Peng,
In my analysis, the root casue should be the lock: aio_context, qemu main thread do an unnecessary release/aquire action,
That's why IO thread could get the lock it shouldn't hold at this stage.
Thanks,
Michael
At 2021-02-01 20:44:00, "Vladimir Sementsov-Ogievskiy" <vsementsov@virtuozzo.com> wrote:
>Hi!
>
>01.02.2021 15:07, Peng Liang wrote:
>> Hi,
>>
>> I encountered the problem months ago too. Could we move the creation of
>> the block job (block_job_create) before appending the new bs to
>> mirror_top_bs (bdrv_append) as I wrote in [*]? I found that after
>> bdrv_append, qemu will use mirror_top_bs to do write.

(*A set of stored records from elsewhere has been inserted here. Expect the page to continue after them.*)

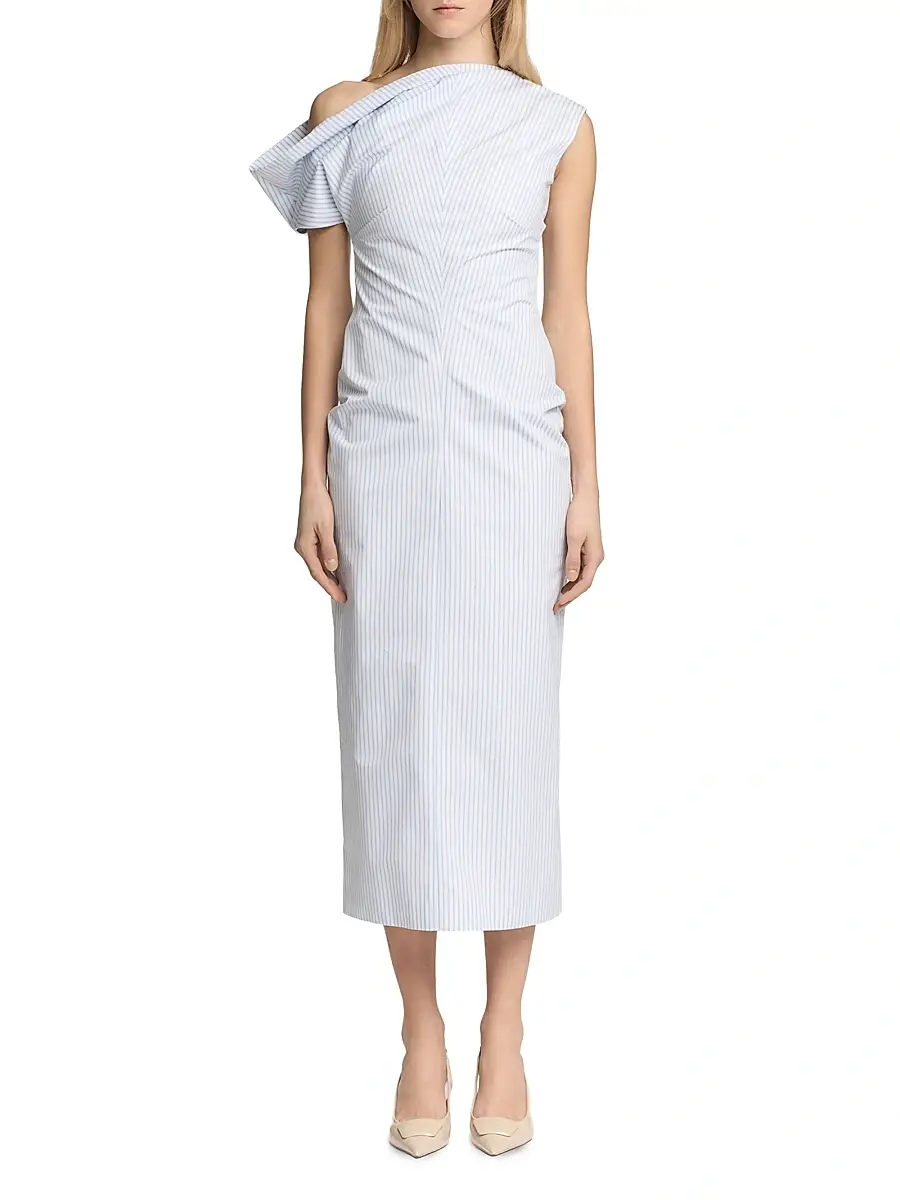 Malo Women's Pinstriped Cotton Off-The-Shoulder Midi-Dress | Thumbnail 3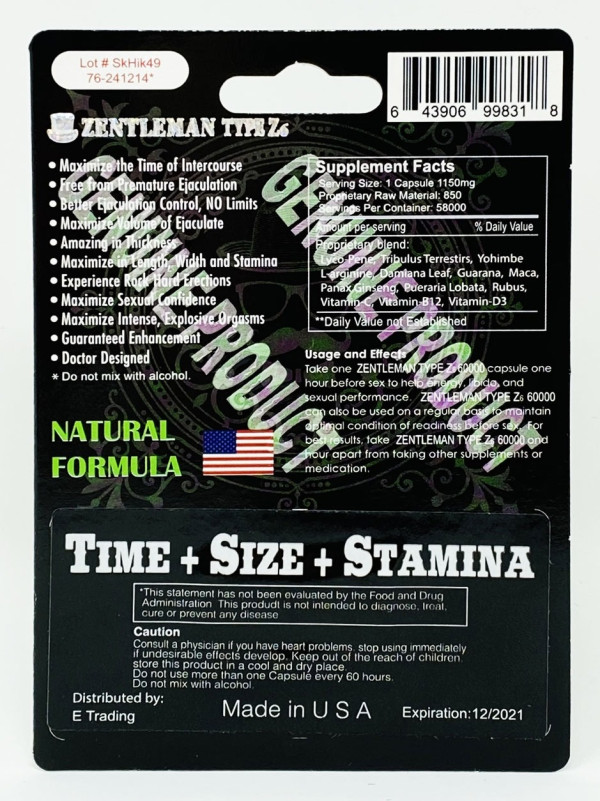 ZentleMan 6000 Genuine Male Sexual Enhancer 1 Pill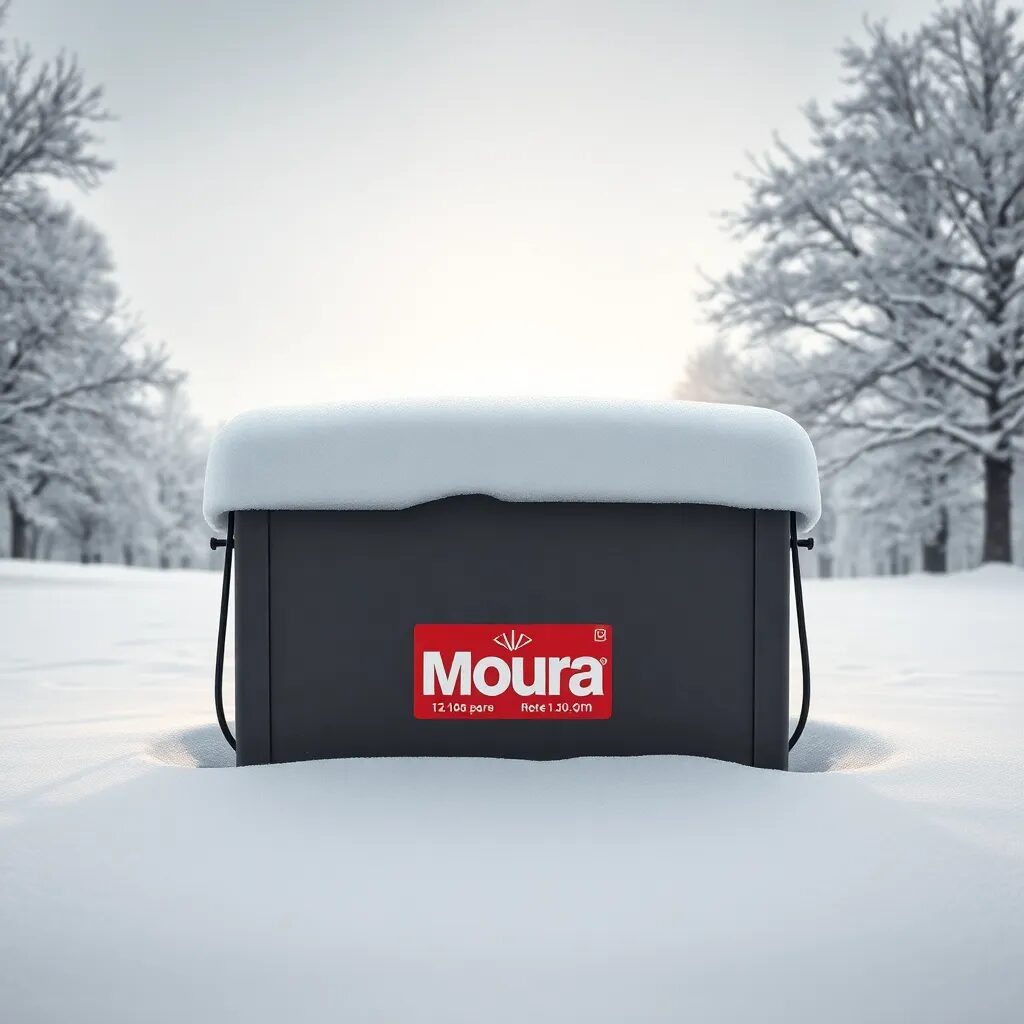 Caja de batería cubierta de nieve.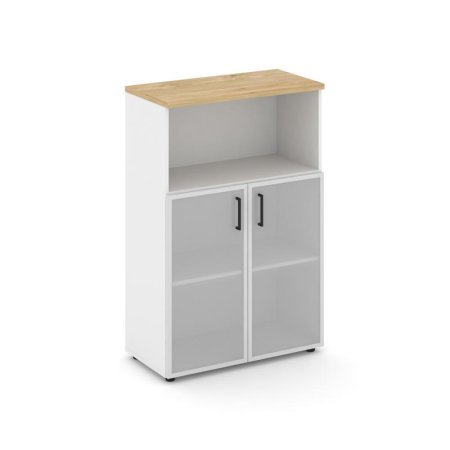 Шкаф средний широкий SN.STS.E-203 (796х400х1203) (Белый/Тиквуд Светлый/Сатин)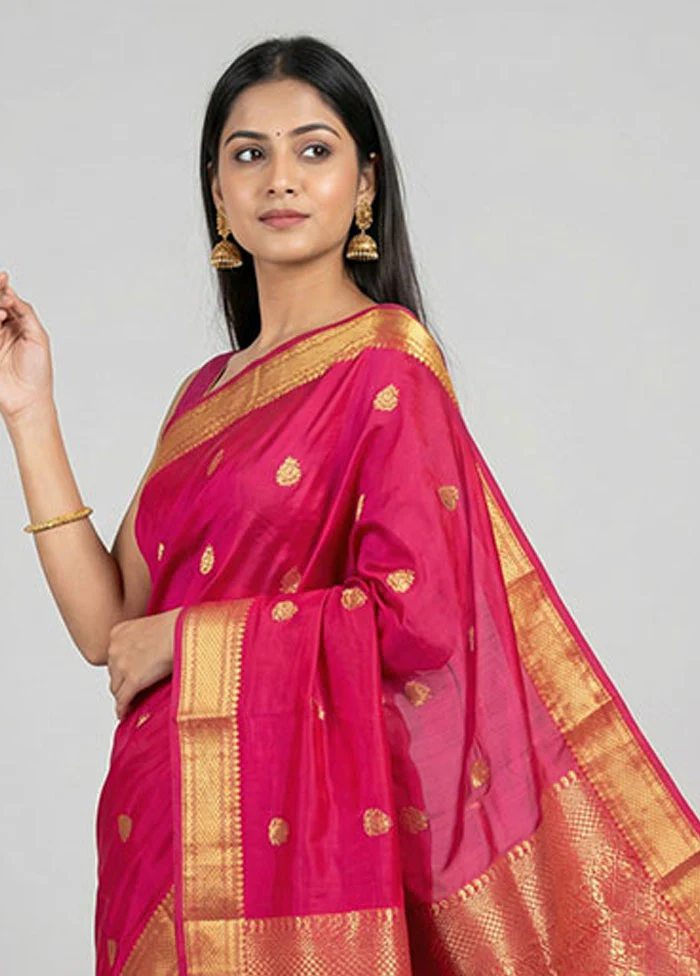 Pink Kanjivaram Silk Saree With Blouse Piece - Image 2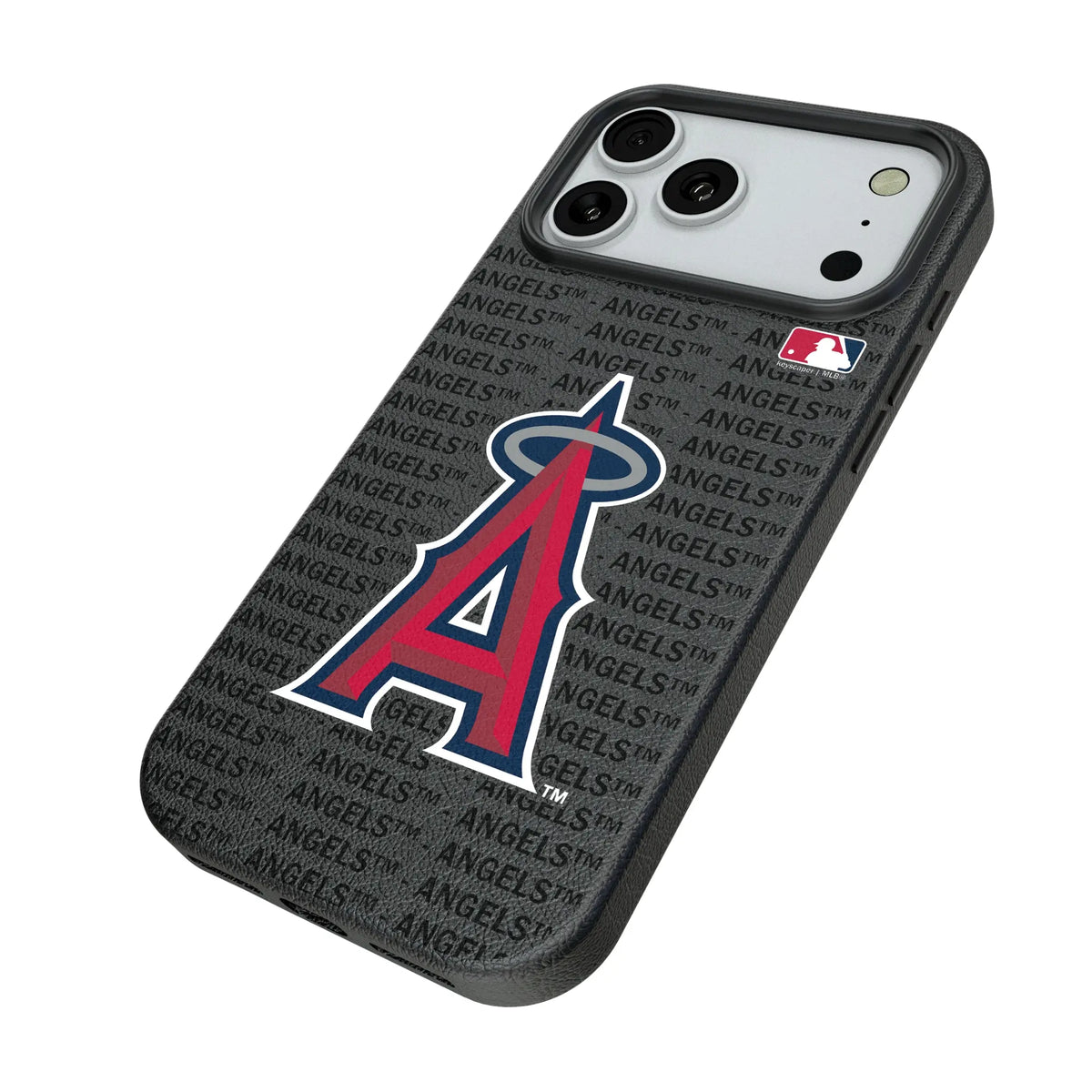 Los Angeles Angels Text Backdrop iPhone MagSafe Compatible Phone Case for Apple iPhone - Isometric View#Device_iPhone 18 Pro Max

And when writing,
>> qemu will use bs->opaque, which maybe NULL.
>>
>> [*]
>> http://patchwork.ozlabs.org/project/qemu-devel/patch/20200826131910.1879079-1-liangpeng10@huawei.com/
>>
>
>In this patch you create job over original bs, when jobs are normally created over job-filter bs. I don't know is it wrong, but it at least requires some research, and probably the code that removes the filter should be adjusted somehow. Also, you make bs->opaque be non-zero. But still, job is not fully initialized, and some another problem may occur. So, do we create job prior to filter insertion or after it, parallel io requests to bs should not interrupt mirror_start_job(). So I think Michael's patch is closer to real problem to fix.
>
>
>--
>Best regards,
>Vladimir